Today we had a discussion in our Christian Adult Education class after listening to a TED talk about the history of the universe (in 18 minutes). A lot was said, from pointing out the scientific errors (or glosses) in the talk to intelligent design to the question of whether complexity means more vulnerability. And how does that apply to religious institutions?

I wish I could say hilarity ensued, but it was pretty much each individual's belief of who/what God is. Words like "infinite" "omnipotent" "mystery" were shared. Vulnerability was pretty much seen as a "bad" thing (seriously, if there's another TED talk session we should watch Brene Brown), which it isn't, but that didn't even occur to me until after.

One of the points raised was that science asks the question "how?" and theology asks the question "why?" and each has its own set of tools and procedures for figuring out those questions. However, if you use "how?" tools to explain the "why", you're not going to get the right answer.

And that's precisely the problem with understanding God.

We start out with a simple statement: "God is" or "God is our God" or "God is One" or "Jesus Christ is my Lord and Savior", and then somebody has to go and ask: "Well, how does that work then?"

When someone tries to answer that, you get stuff like the Athanasian Creed. (My one comment in the class was this after Chris finished reading that creed: "There's a reason Athanasius was run out of town so many times.")

The problem is not whether or not God exists. (See. "God is" etc above.) It's the tools we use to answer the question "So who is this God anyway?"

As a scientist wouldn't use theological tools, we are using the wrong tools to answer the question.

So our answers are invariably wrong, or a little bit right, but certainly not 100% the complete answer. Whatever attribute we give God, whatever motive, that isn't God, or isn't all there is to God.

I am not even sure we have the right tools to understand who/what God is.  We have the tools to understand, comprehend and categorize our world.
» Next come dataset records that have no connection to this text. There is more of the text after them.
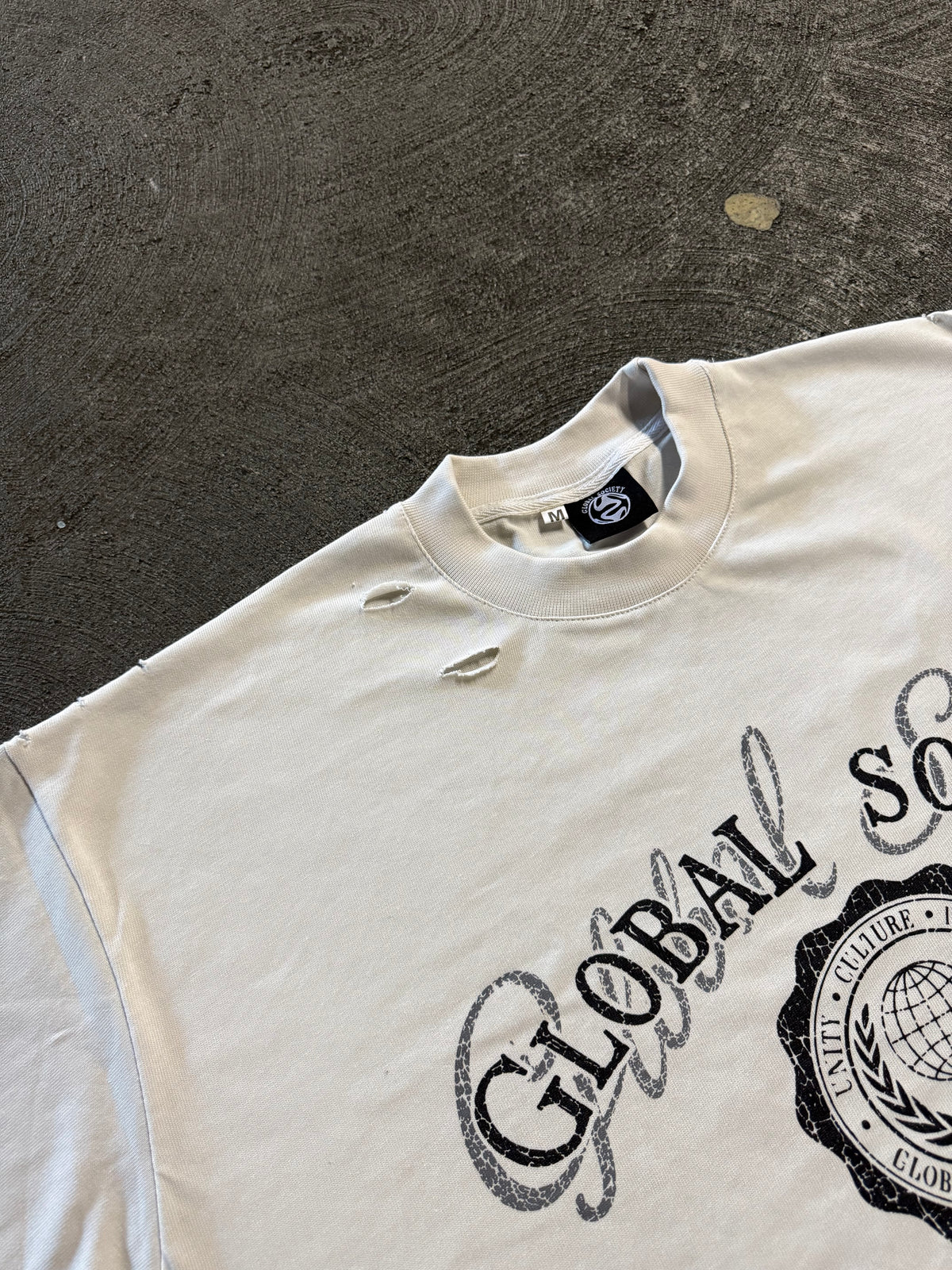 Unisex “One World One Piece” Tee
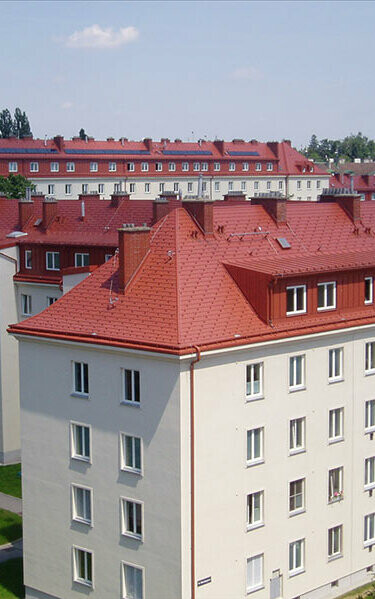 Aménagement des combles de la résidence Hugo-Breitner à Vienne grâce aux bardeaux PREFA dans la teinte rouge tuile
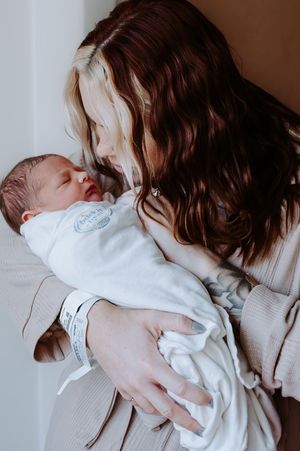 A mother with long brown hair holds her swaddled newborn baby close to her face in a tender embrace.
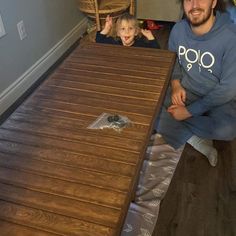 a man and child sitting at a wooden table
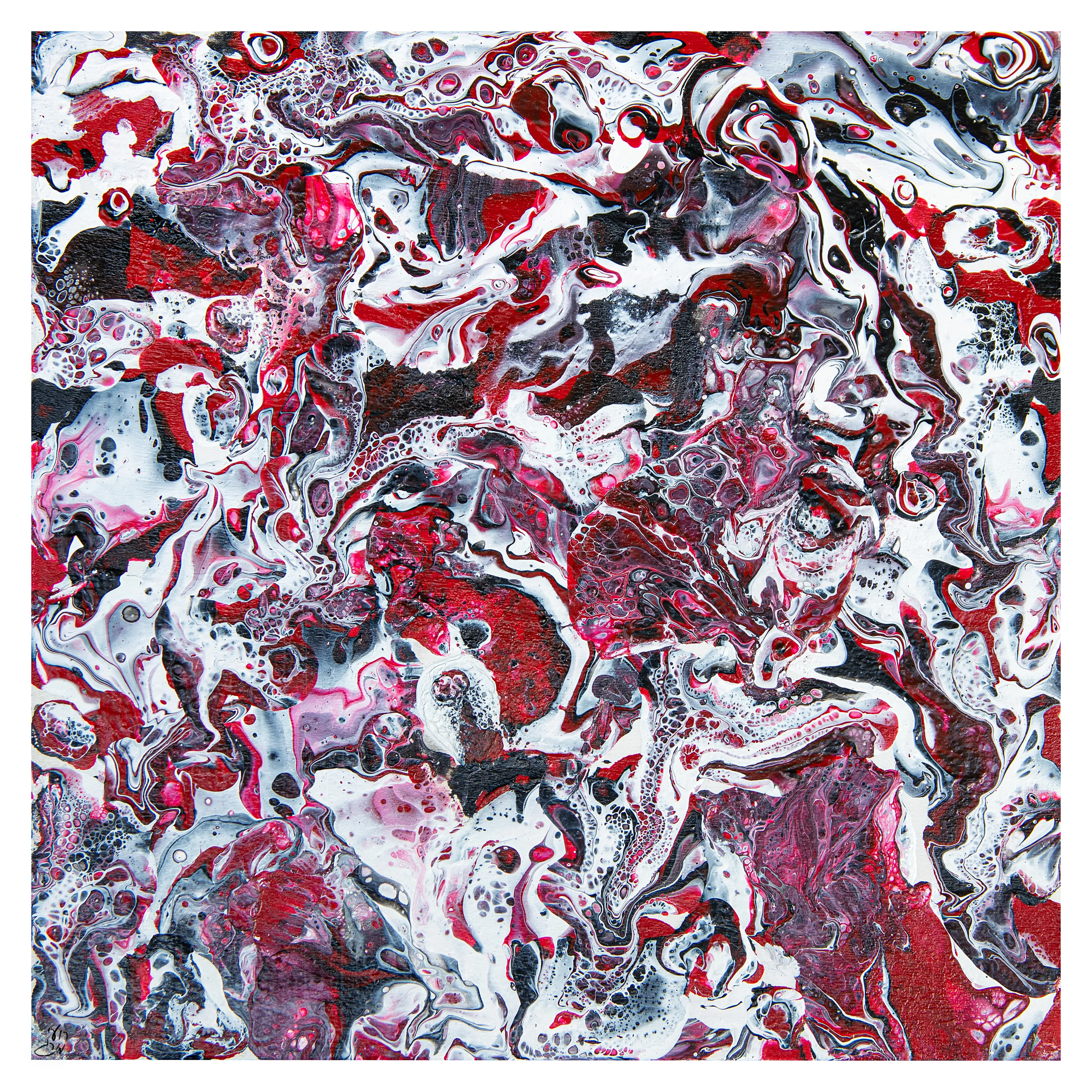 Swirling poured paint in red, white, black and pink.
Our wetware can observe, comprehend, understand just about anything in this world (given enough training in a particular field) or even in this universe.

Scientific tools cannot explain the why of God. Neither, in my opinion, can our theological tools, because we are using the same set of wetware.  Our understanding is limited by where we stand in society, in society's make-up, in our baggage, in our intelligence, in our street sense.
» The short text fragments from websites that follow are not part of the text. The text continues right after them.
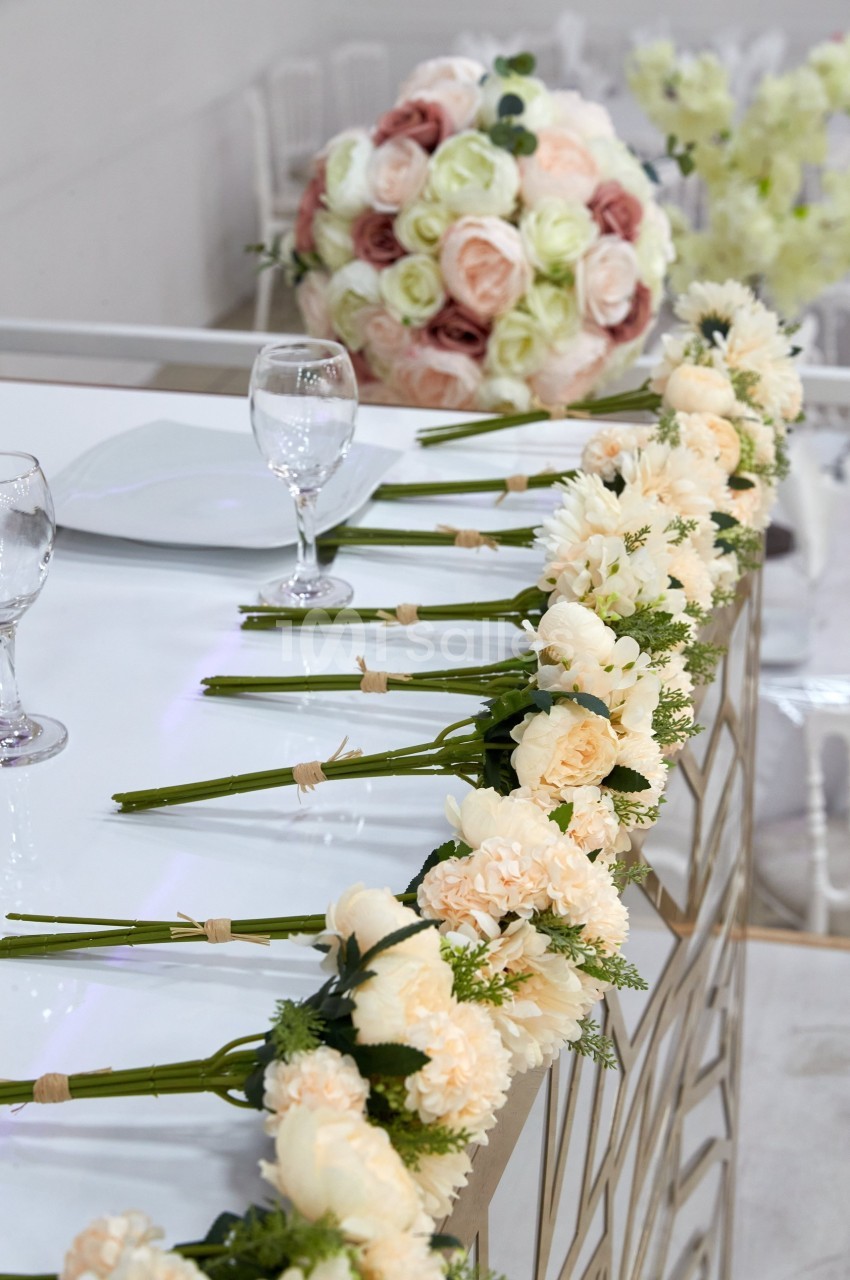 Bouquets de fleurs crème alignés sur une table décorative, avec un centre de table composé de roses pastel en arrière-plan.
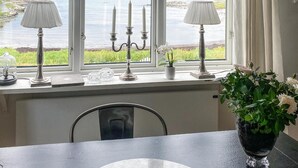 A dining area with a view of a lake, a table with a vase of flowers, and a window with decorative items. - 3 bedroom awesome home in Vallda (Vallda)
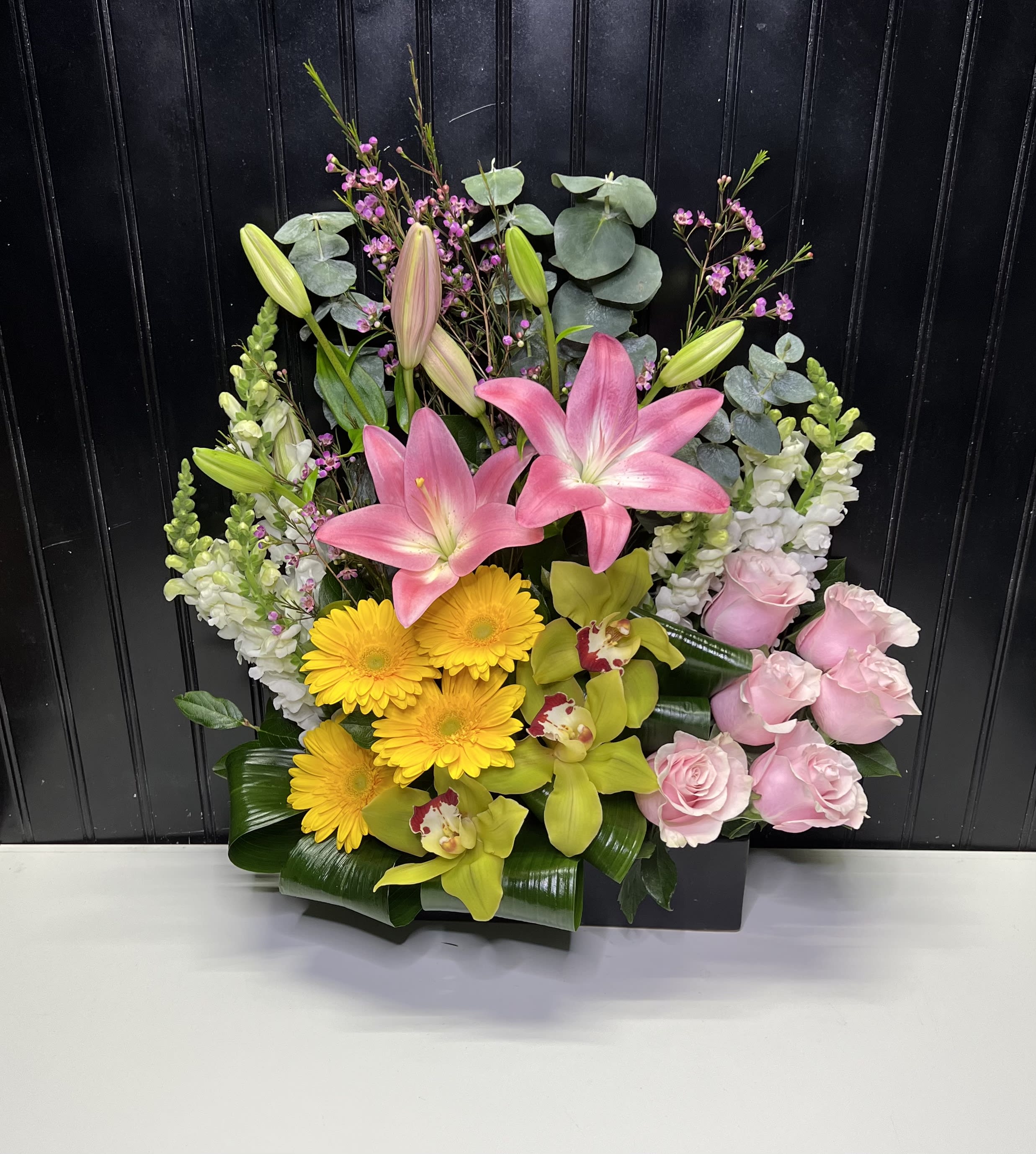 Mixed floral arrangement with pink lilies, yellow gerberas, and pink roses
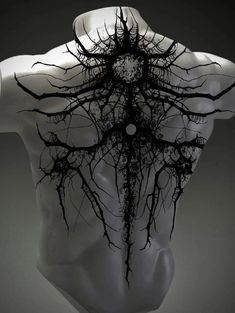 the back of a mannequin's head with tree branches on its body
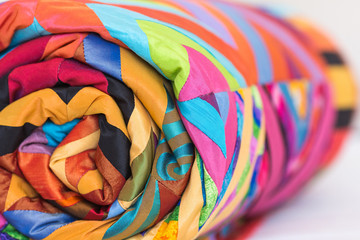 Colored patchwork quilt twisted into close up. Colorful scrappy blanket folded as background. Handmade. DOF.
God is outside these, but we persist on putting our understanding onto God, because we don't know of any other way, and so God is formed by a patriarchal, Middle Eastern, uniquely Israelite community. And God is formed by feminism. And God is formed by Greek-Roman society. And on and on...

These things that form our understandings of God are not necessarily bad. It is just that they result in a filtered response, and do not acknowledge other understandings. And even putting together all the understandings there are and understanding them will not give us who/what God is.

My understanding and your understanding is formed by our world. Which isn't the whole picture, just one little part of it.

We do have one tool that works. We have a soul/spirit/God-stuff/star-stuff/Spidey-sense that reminds us of God's presence and existence.

The closest we get to being right is this: "God is, and God is mystery."


Comments

  1. Indeed, our understanding of God is limited--I might even say woefully limited. And when we don't realize this limitation, but insist that our way is the best way, or the right way, or The Truth, we get really tangled up and alienated from each other (and perhaps from our own Selves in the bargain).

    But I truly believe that as long as we acknowledge that limitation and realize that anything we say about God is analogy, metaphor, a mere shadow of the Truth (whatever that may be), then we can go ahead and ask "Well, how does that work--at this point in my understanding?"

    Maybe that's the difficulty--we have to ask ourselves "Well, how does that work?" first before someone else surprises us with the question. Maybe that's what "doing theology" is.